#### [Task]
In the material below, find the line containing "115 S Main St, Tryon, OK 74875" and the line containing "Gallery image thumbnail". Output those two lines and all lines between them exactly, without pictures.

**** Provided records ****

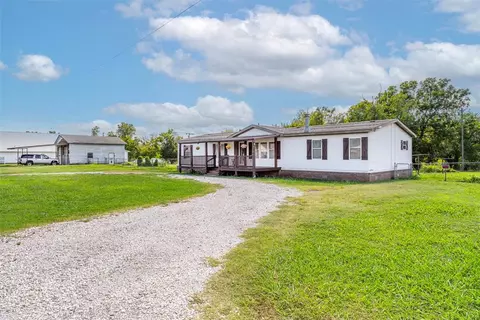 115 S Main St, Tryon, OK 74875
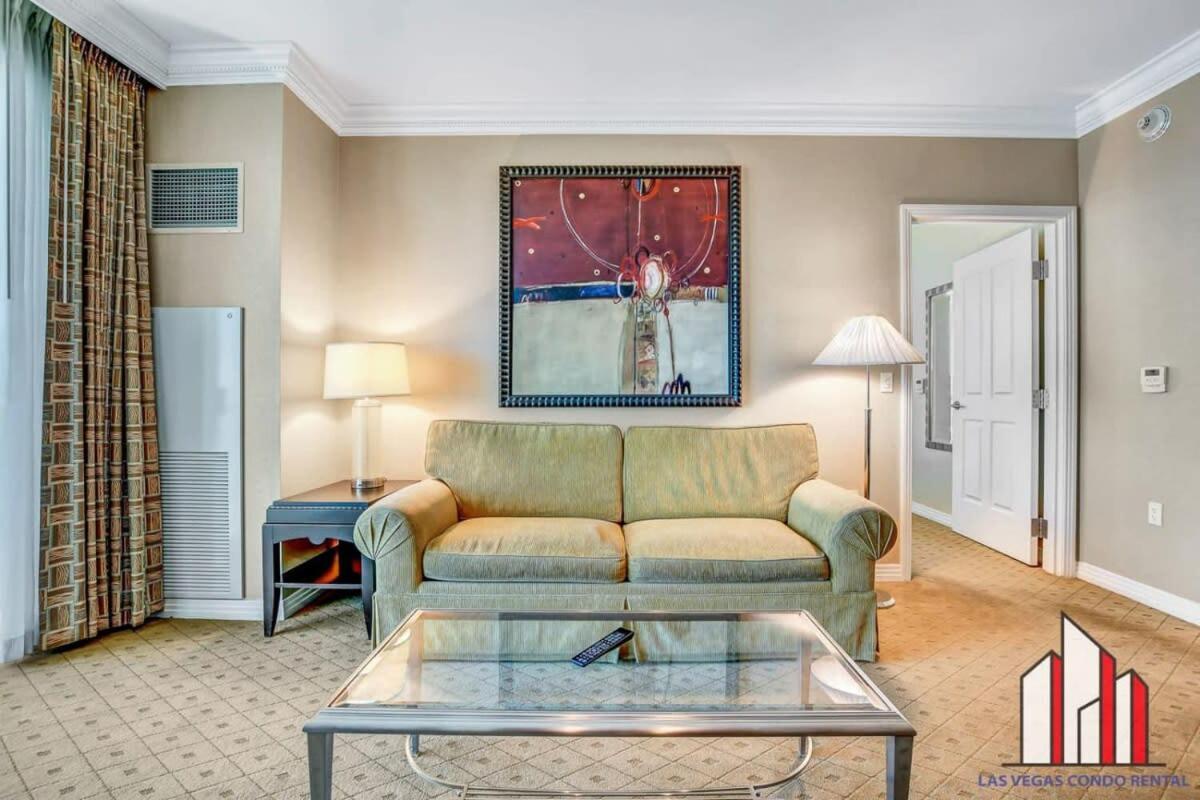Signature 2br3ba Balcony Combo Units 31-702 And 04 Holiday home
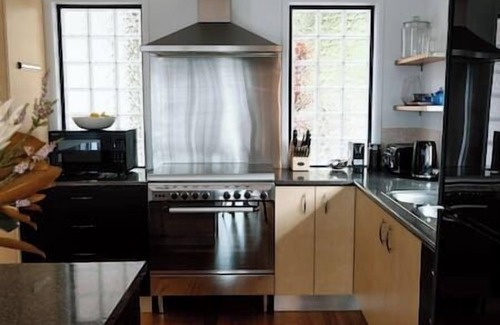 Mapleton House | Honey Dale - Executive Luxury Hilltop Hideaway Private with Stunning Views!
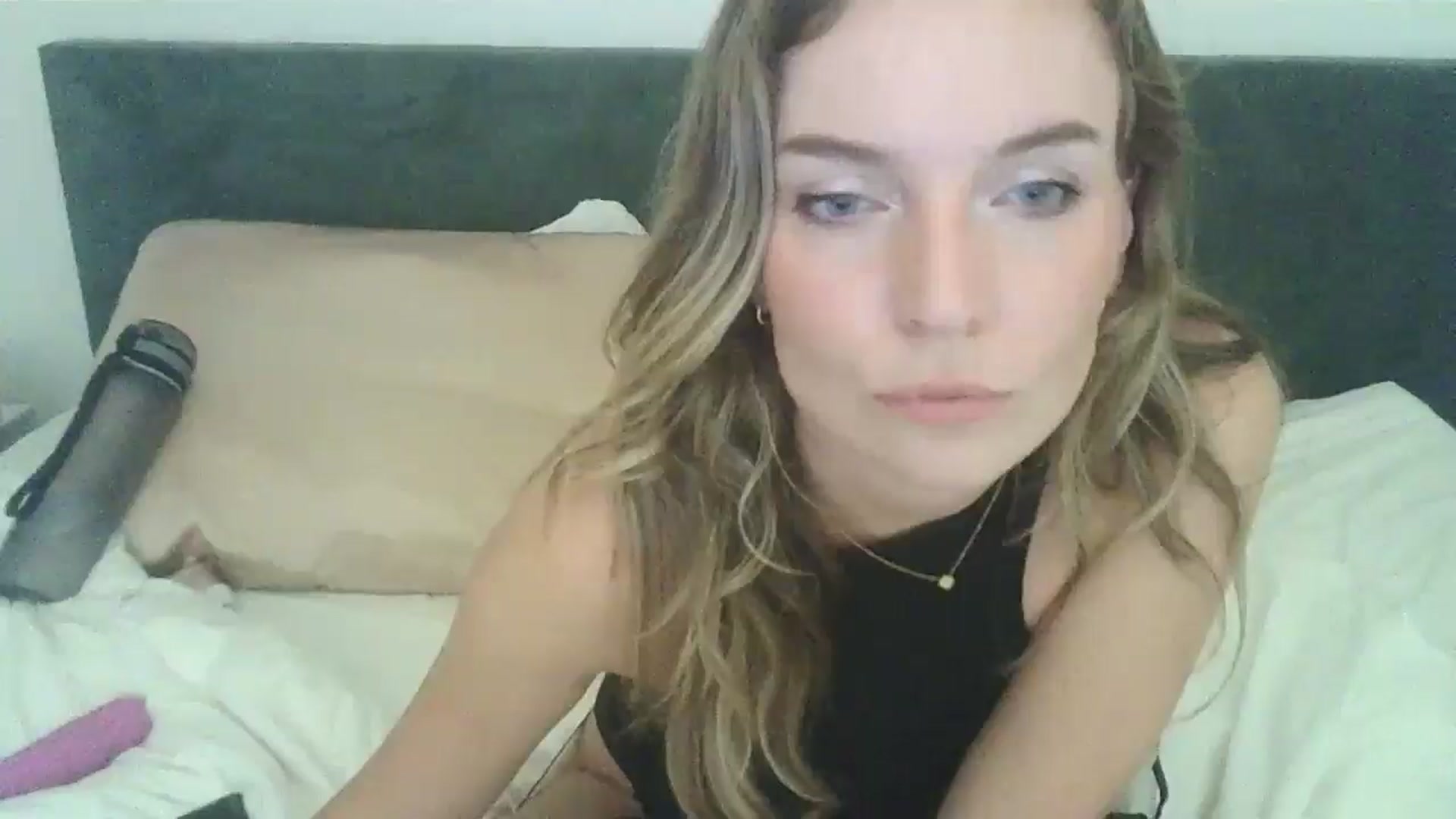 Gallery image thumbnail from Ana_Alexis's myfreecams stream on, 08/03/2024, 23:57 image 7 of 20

****
**** Provided records ****

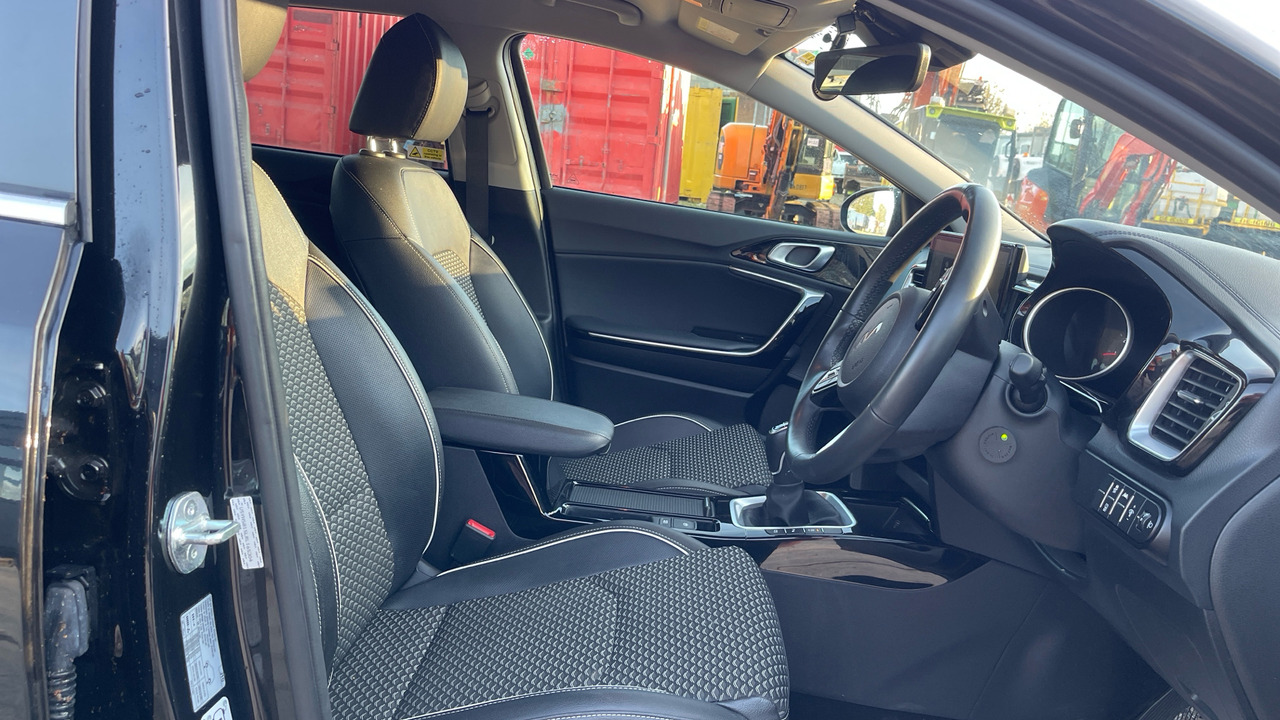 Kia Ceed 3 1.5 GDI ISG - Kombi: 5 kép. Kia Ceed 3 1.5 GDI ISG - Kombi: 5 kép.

****
**** Provided records ****

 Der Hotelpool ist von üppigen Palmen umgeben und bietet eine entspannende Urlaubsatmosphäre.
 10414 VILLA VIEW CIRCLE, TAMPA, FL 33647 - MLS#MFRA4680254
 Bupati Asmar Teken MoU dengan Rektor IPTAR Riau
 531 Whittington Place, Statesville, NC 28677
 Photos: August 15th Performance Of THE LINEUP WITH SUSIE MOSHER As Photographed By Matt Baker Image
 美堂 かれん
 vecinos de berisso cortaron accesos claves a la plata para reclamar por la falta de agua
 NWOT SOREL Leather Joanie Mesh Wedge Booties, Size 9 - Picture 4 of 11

****

#### [Result for this exercise]
 115 S Main St, Tryon, OK 74875
Signature 2br3ba Balcony Combo Units 31-702 And 04 Holiday home
 Mapleton House | Honey Dale - Executive Luxury Hilltop Hideaway Private with Stunning Views!
 Gallery image thumbnail from Ana_Alexis's myfreecams stream on, 08/03/2024, 23:57 image 7 of 20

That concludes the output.